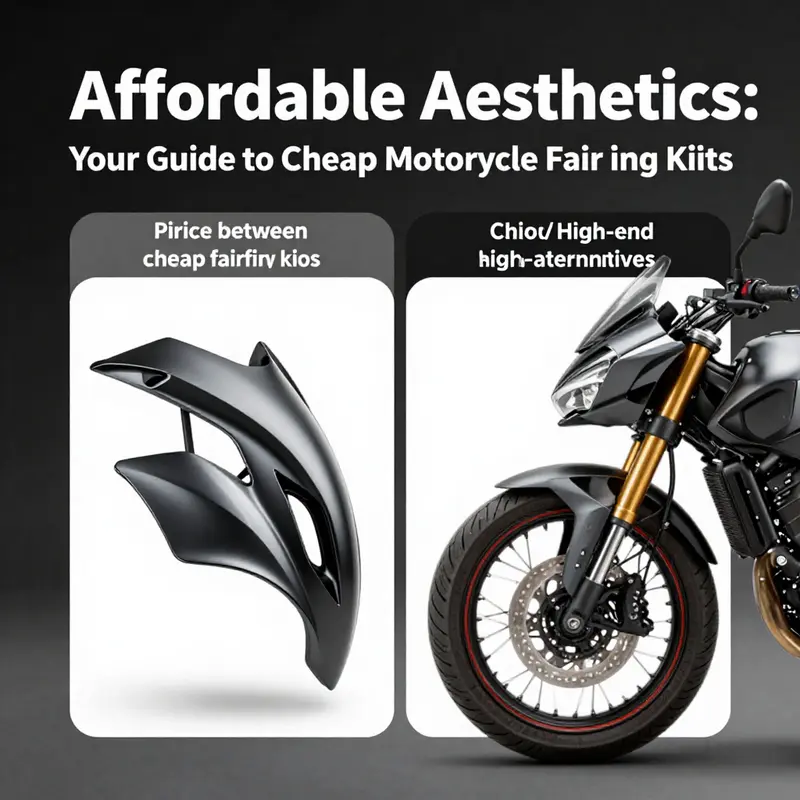 Different types of motorcycle fairing kits highlighting the available configurations.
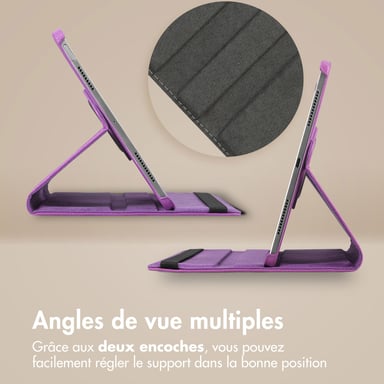 imoshion Coque tablette rotatif à 360° pour Apple iPad Pro 11 (2020/2021/2022) - Violet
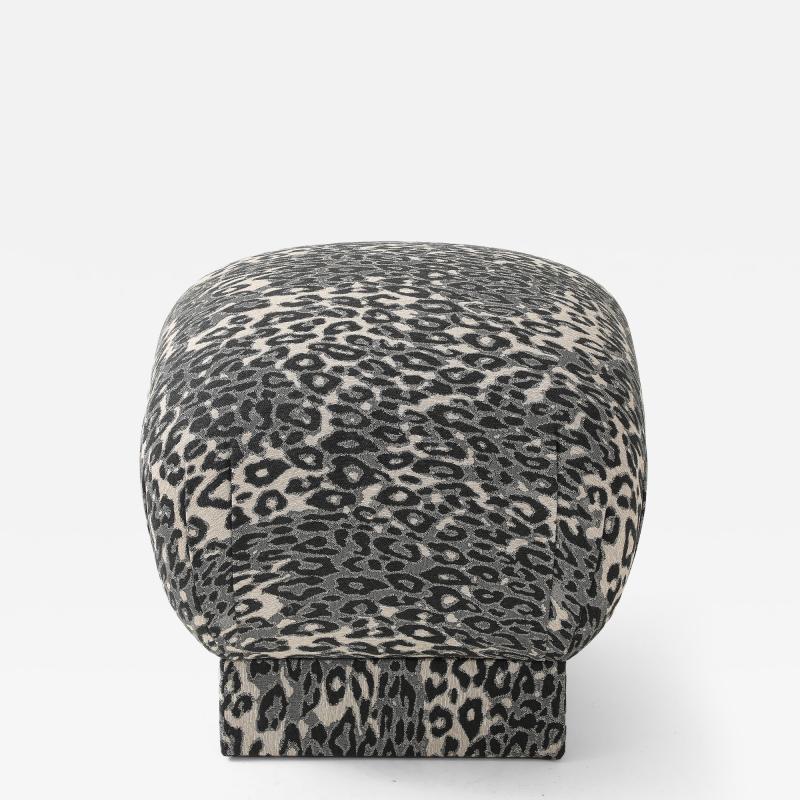 Marge Carson Marge Carson Bergamo Leopard Pouf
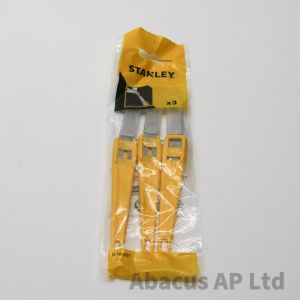 Stanley Yellow Craft Knives Pack 3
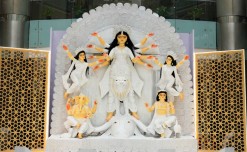 Ambience Mall, Gurugram, Presents a Majestic 14-Foot Installation of Goddess Durga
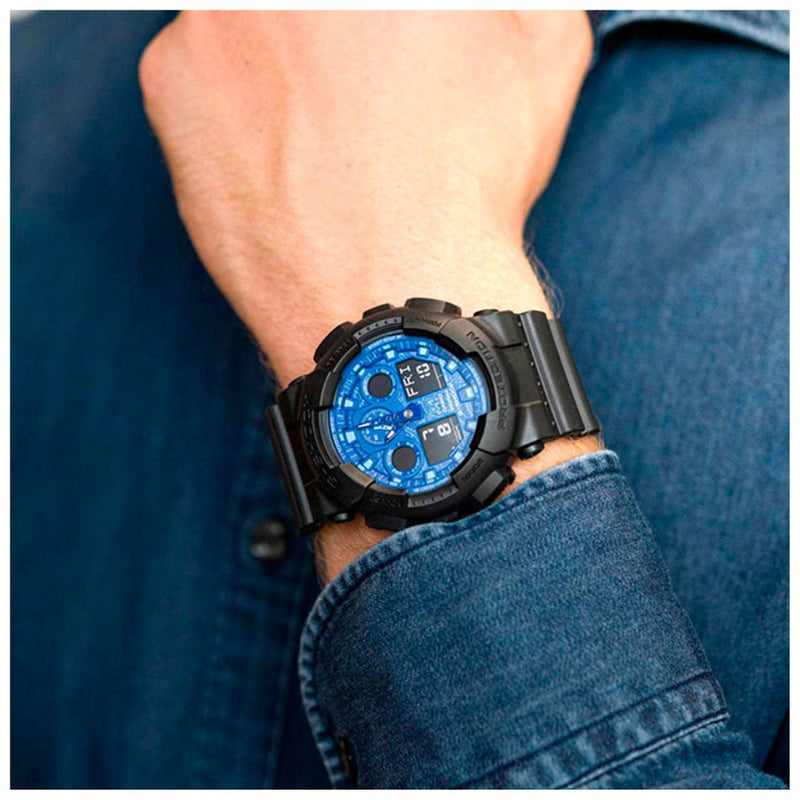 Reloj Casio G-SHOCK GA-100BP-1A Diseño Deportivo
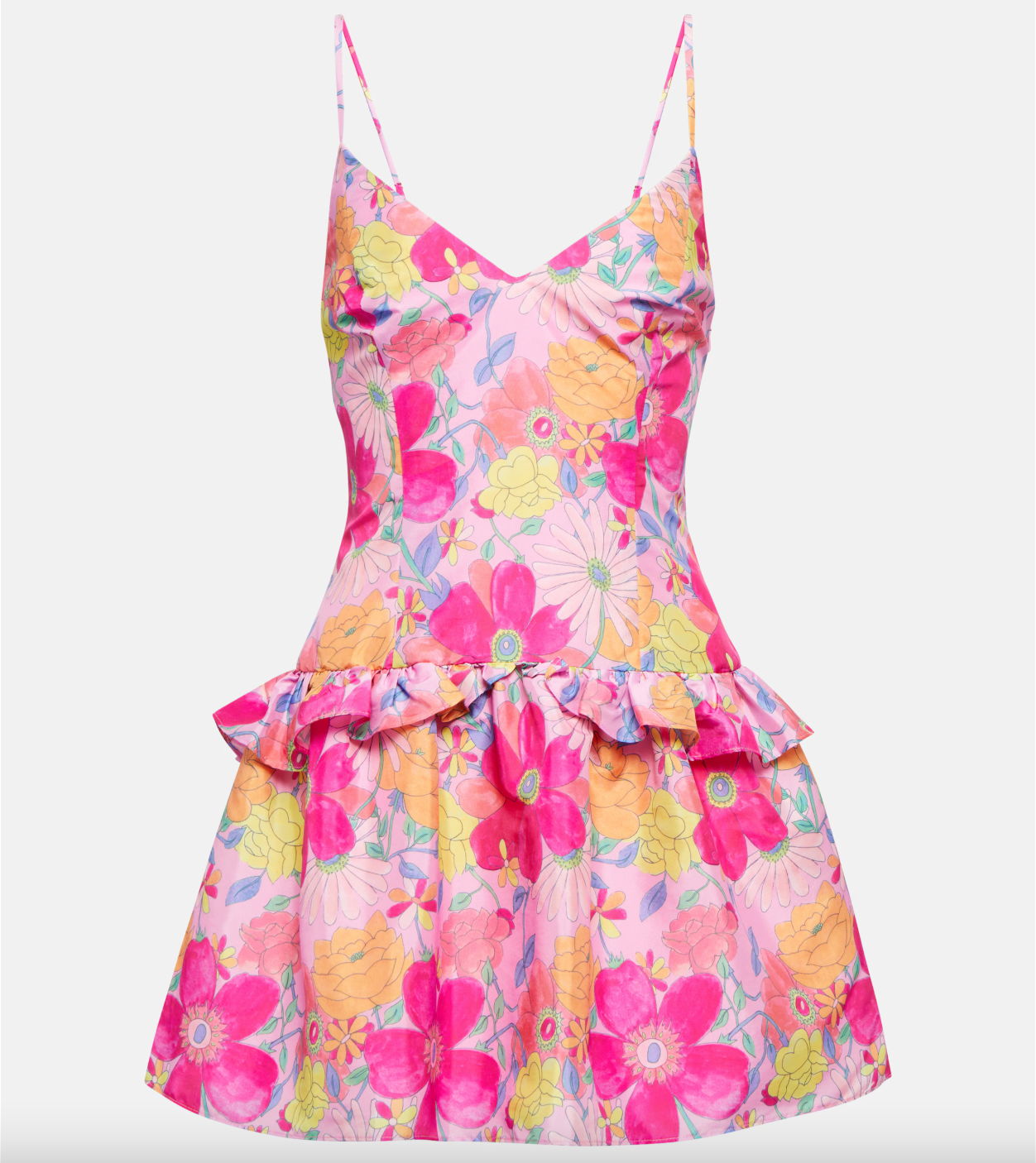 Fabienne Ruffle Mini Dress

+---+

- **Exercise aim**: Reproduce the whole listing word for word, setting aside any pictures.

- **Task result**:
 Different types of motorcycle fairing kits highlighting the available configurations.
 imoshion Coque tablette rotatif à 360° pour Apple iPad Pro 11 (2020/2021/2022) - Violet
 Marge Carson Marge Carson Bergamo Leopard Pouf
 Stanley Yellow Craft Knives Pack 3
 Ambience Mall, Gurugram, Presents a Majestic 14-Foot Installation of Goddess Durga
 Reloj Casio G-SHOCK GA-100BP-1A Diseño Deportivo
 Fabienne Ruffle Mini Dress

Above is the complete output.